Murl White, a patrolman in the Rising Sun Police Department, testified that he received a radio dispatch indicating a green Pinto had been involved in a burglary. Officer White spotted a car matching this description and proceeded to follow it. He was able to see the people in the car, and later identified appellant Goodpaster as one of the two occupants. When Officer White attempted to stop the Pinto, its driver accelerated. The car was found abandoned shortly thereafter at the edge of a river bank in a field.

*1241 Approximately one hour later, witness Donald Combs picked up appellant Good-paster hitchhiking on a road near the location where the car had been abandoned. Appellant appeared somewhat intoxicated, and when he made statements which Combs interpreted as volunteered information of a suspicious nature, Combs took him to the police station.

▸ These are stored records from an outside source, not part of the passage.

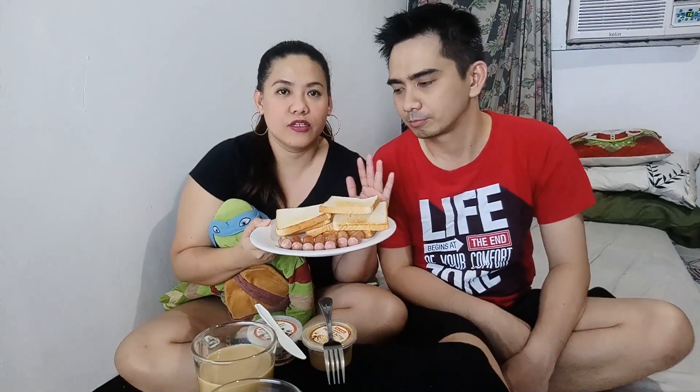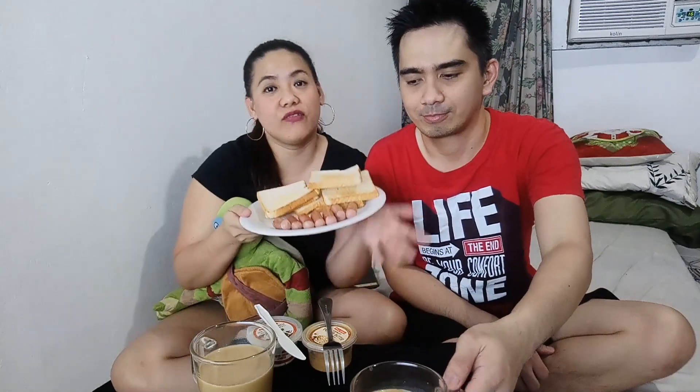We're done cooking our breakfast! We have, of course, our toasted bread, our sausage, and most especially our coffee. That's it for today — we're going to eat our breakfast. Don't forget to subscribe and like our video. Thank you everyone, see you again!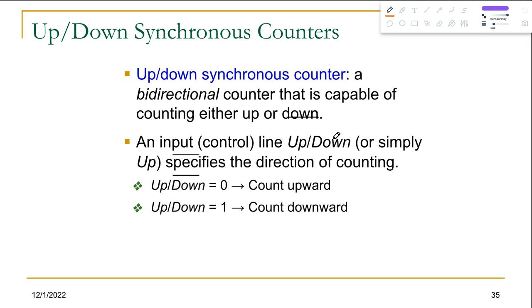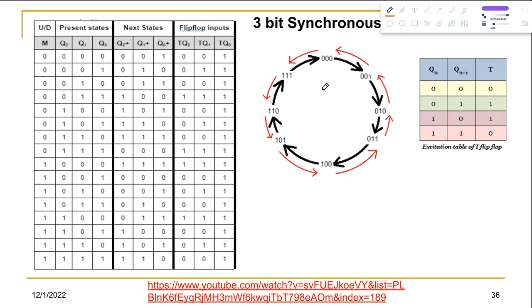In this tutorial we're going to learn how we can build an up/down synchronous counter — that means we'll do both the up counter and the down counter in a single circuit. An up/down synchronous counter is a bi-directional counter that is capable of counting either up or down. We'll be building a circuit that counts both upwards and downwards based upon the user inputs.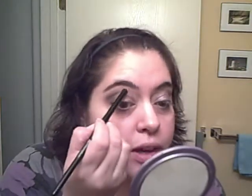I think everyone's eyes are just a little bit asymmetrical, and mine are, so it's sometimes a little hard to get them completely even. Now I'm just going to take a little bit of Starlight and put it under the brow, kind of blending out the edges of the crease color.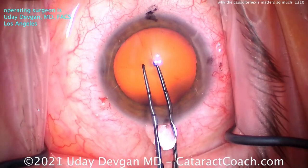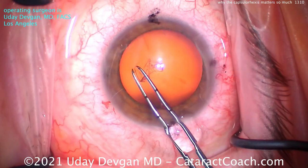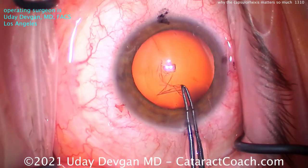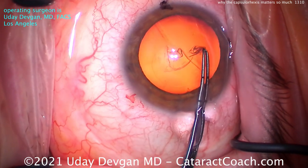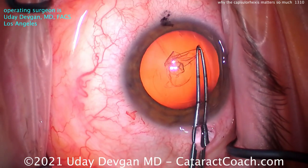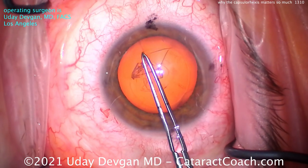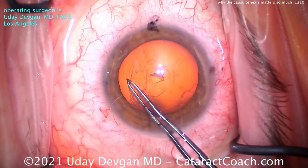We're measuring out our rhexis and we're going to create that. Now the advantage of a capsulorhexis, even better than a femtosecond laser-created capsulotomy, is that the edges are really strong. By tearing the tissue here, there are no weak edges. It's continuous, it's curvilinear, and there are no weak spots.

Officer Steven Heffelmire of the Dear-born County Police Department testified concerning the items taken from appellant’s possession at the time of his arrest. Among the items obtained from appellant Good-paster were a pearl necklace and several old coins. Harris Tufts identified these objects as some of the items that had been stolen from his house earlier that evening. Tufts also identified the abandoned green Pinto as his.

I.

Appellant first argues the trial court erred in admitting evidence of a police officer’s prior “acquaintance” with him. Defense counsel attempted to establish that appellant was intoxicated at the time he was arrested and interrogated. During the cross-examination of Officer Heffelmire by defense counsel, the following exchange occurred:

Q. Okay. Apparently one of the persons, Mr. Combs, who had picked him up felt that he was under the influence of something an hour or so earlier. In your opinion — and you talked to Mr. Goodpaster before that night, is that correct? You knew him before that night?
A. Yes, I’ve talked to him several times.
Q. Okay. In your opinion he was not under the influence of any drugs at that time?
A. Well, the defendant is never really very outgoing. He was kind of rejected [sic] that night and withdrawn himself. I can’t pick that out as saying I feel he was under the influence of anything. He acted like he has acted on previous interviews that I have been involved [in] with him.

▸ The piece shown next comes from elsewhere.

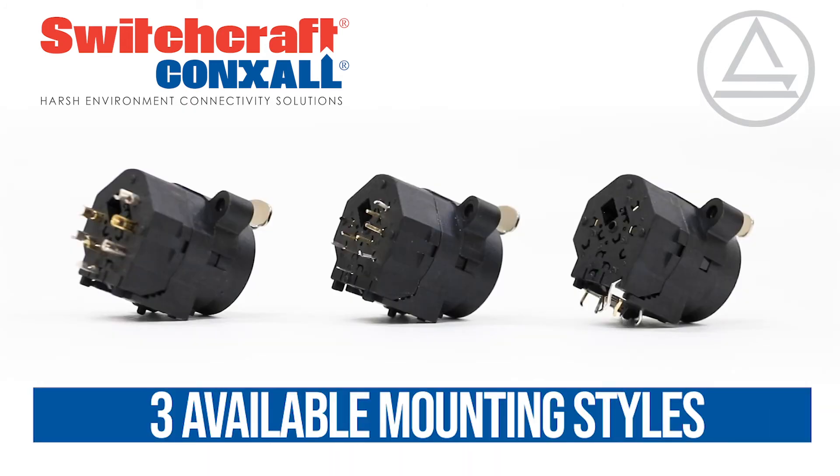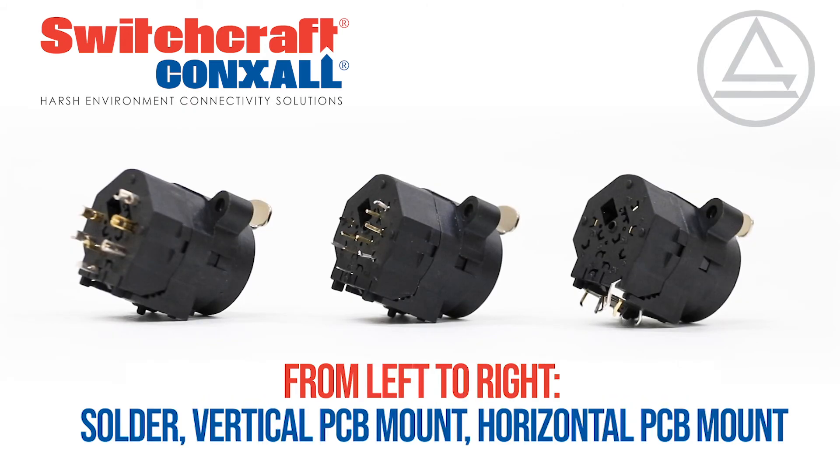Three mounting options are available for design flexibility: vertical PCB mount, horizontal PCB mount, and solder contacts.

Record at 117-18. Immediately thereafter, on redirect examination, the prosecutor asked the witness how he happened to know appellant Goodpaster prior to this incident. Heffelmire answered: “On separate crimes. Other crimes.” When the prosecutor asked what crimes the witness was referring to, defense counsel objected. While the record does not reveal the specific grounds of the objection, the trial court sustained the objection, and the prosecutor did not attempt to pursue this matter further.

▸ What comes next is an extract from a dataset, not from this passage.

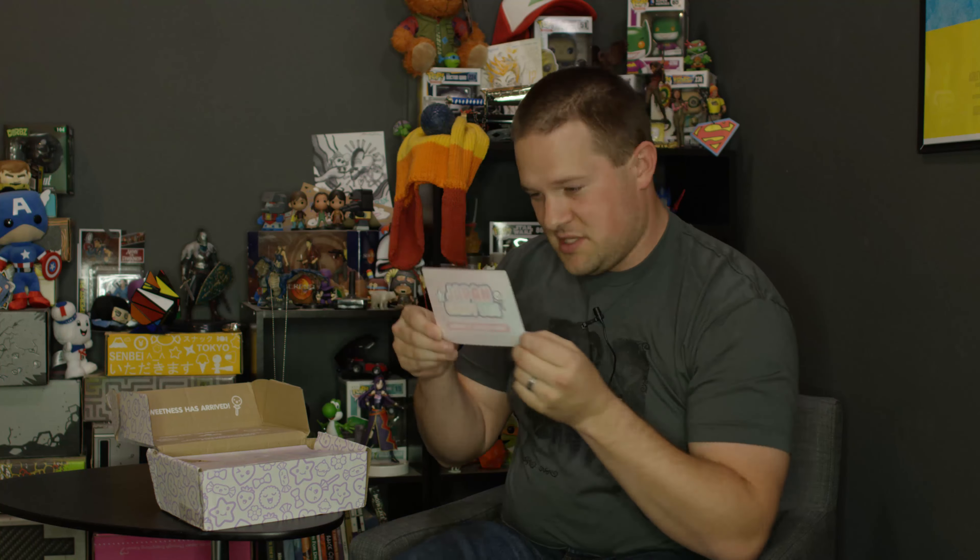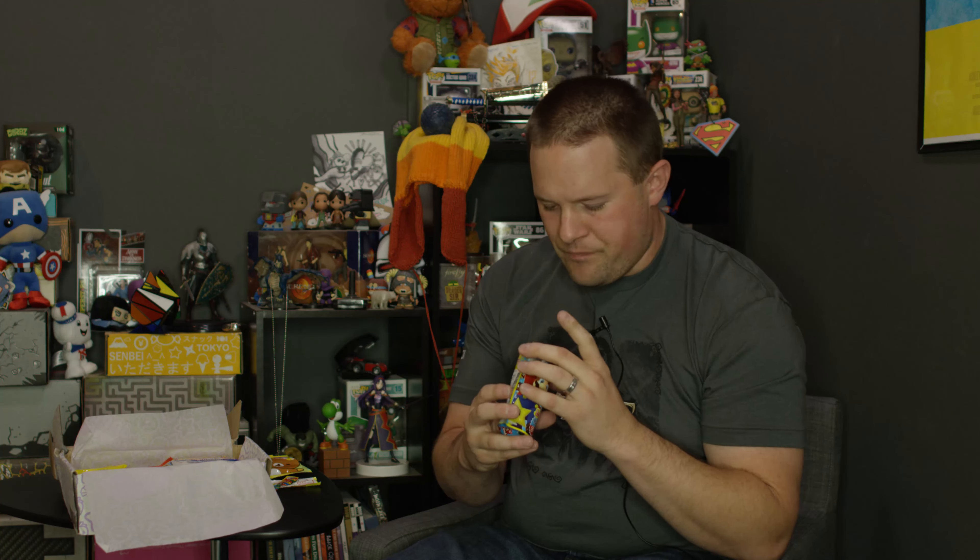The next thing is Super Mario — either gummy bears or fruit snacks of some kind. It has Mario and Princess Peach and Luigi and Yoshi and mushrooms and a whole bunch of other Mario-related stuff. This is a coin from Mario. It tastes fruity, and that one sort of tasted like bubble gum. Oh, that's a Mario head. They're good — they taste like fruit snacks, just a pretty general fruit flavor.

We do not believe this testimony was so prejudicial to appellant that he was denied a fair trial. Defense counsel himself raised the fact of the police officer’s “acquaintance” with appellant. In fact, the witness referred to “previous interviews” he had had with Goodpaster. Defense counsel did not attempt to show that Heffelmire’s knowledge of Goodpaster was not based on Heffelmire’s functions as a police officer. Thus, even if the prosecutor had not followed up on the issue by asking the witness how he knew appellant, the jury very easily could have drawn the inference that Heffel-mire knew appellant through the “separate crimes” to which he alluded. In fact, defense counsel invited the same response from another police officer when he asked the officer if he knew appellant prior to this incident. As we stated in Fortson v. State, (1978) Ind., 379 N.E.2d 147,153: “A defendant may not be allowed to open an issue and have it closed at his convenience.”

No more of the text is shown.